Question

Solve the following differential equation.
$2{{x}^{2}}\dfrac{dy}{dx}-2xy+{{y}^{2}}=0$ .

Answer 1

Hint: In order to solve this problem, we need to solve using the proper substitution. We need to use the substitution of $y=vx$ . Also, we must know the product rule of differentiation which is given $\dfrac{du\left( x \right)v\left( x \right)}{dx}=u\left( x \right)\dfrac{dv\left( x \right)}{dx}+\dfrac{du\left( x \right)}{dx}v\left( x \right)$ . We also need to know some of the standard integration formulas such as $\int{{{x}^{n}}=\dfrac{{{x}^{n+1}}}{n+1}}$ and $\int{\dfrac{1}{x}=\ln \left( x \right)}$ .

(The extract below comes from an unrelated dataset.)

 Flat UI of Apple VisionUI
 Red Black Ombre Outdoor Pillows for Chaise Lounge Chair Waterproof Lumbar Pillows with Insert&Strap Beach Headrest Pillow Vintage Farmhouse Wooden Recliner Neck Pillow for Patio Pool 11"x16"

Complete step by step answer:
We are given a differential equation to solve.
As we can see that it is not possible to solve this equation by separating the y and x.
So, in order to separate the variable, we need to use substitution.
The equation is $2{{x}^{2}}\dfrac{dy}{dx}-2xy+{{y}^{2}}=0$ .
Let’s use the substitution, $y=vx$ .
Differentiating both sides with respect to x, we get,
$\dfrac{dy}{dx}=v\dfrac{dx}{dx}+\dfrac{dv}{dx}.x$
Solving this we get,
$\dfrac{dy}{dx}=v+\dfrac{dv}{dx}.x$
Substituting this value in the differential equation we get,
$\begin{align}
  & 2{{x}^{2}}\dfrac{dy}{dx}-2xy+{{y}^{2}}=0 \\
 & \dfrac{dy}{dx}=\dfrac{2xy-{{y}^{2}}}{2{{x}^{2}}} \\
 & \dfrac{dy}{dx}=\dfrac{2\left( \dfrac{y}{x} \right)-{{\left( \dfrac{y}{x} \right)}^{2}}}{2} \\
 & v+\dfrac{dv}{dx}.x=\dfrac{2v-{{v}^{2}}}{2} \\
\end{align}$
Solving this equation, we get,
$\begin{align}
  & v+\dfrac{dv}{dx}.x=\dfrac{2v-{{v}^{2}}}{2} \\
 & v+\dfrac{dv}{dx}.x=v-\dfrac{{{v}^{2}}}{2} \\
 & x\dfrac{dv}{dx}=\dfrac{-{{v}^{2}}}{2} \\
\end{align}$
Separating the variables we get,
$\begin{align}
  & x\dfrac{dv}{dx}=\dfrac{-{{v}^{2}}}{2} \\
 & \dfrac{2}{{{v}^{2}}}dv=-\dfrac{dx}{x} \\
\end{align}$
Taking the integration on both sides with respect to respective variables, we get,
$\int{\dfrac{2}{{{v}^{2}}}dv}=\int{-\dfrac{dx}{x}}$
Using the formula of integration,
$\int{{{x}^{n}}=\dfrac{{{x}^{n+1}}}{n+1}}$ and $\int{\dfrac{1}{x}=\ln \left( x \right)}$, we get,
$\begin{align}
  & \int{\dfrac{2}{{{v}^{2}}}dv}=\int{-\dfrac{dx}{x}} \\
 & 2\dfrac{{{v}^{-2+1}}}{-2+1}=-\ln x+\ln C \\
\end{align}$
Where $\ln C$ is the constant of integration.
Solving this we get,
$\begin{align}
  & 2\dfrac{{{v}^{-1}}}{-1}=-\ln x+\ln C \\
 & \dfrac{-2}{v}=-\ln x+\ln C \\
 & -\dfrac{2}{v}=-\ln \left( xC \right) \\
 & {{e}^{\left( \dfrac{2}{v} \right)}}=xC \\
\end{align}$
Resubstituting the value of v we get,
${{e}^{\dfrac{2x}{y}}}=xC$

Hence the solution of the differential equation is ${{e}^{\dfrac{2x}{y}}}=xC$ .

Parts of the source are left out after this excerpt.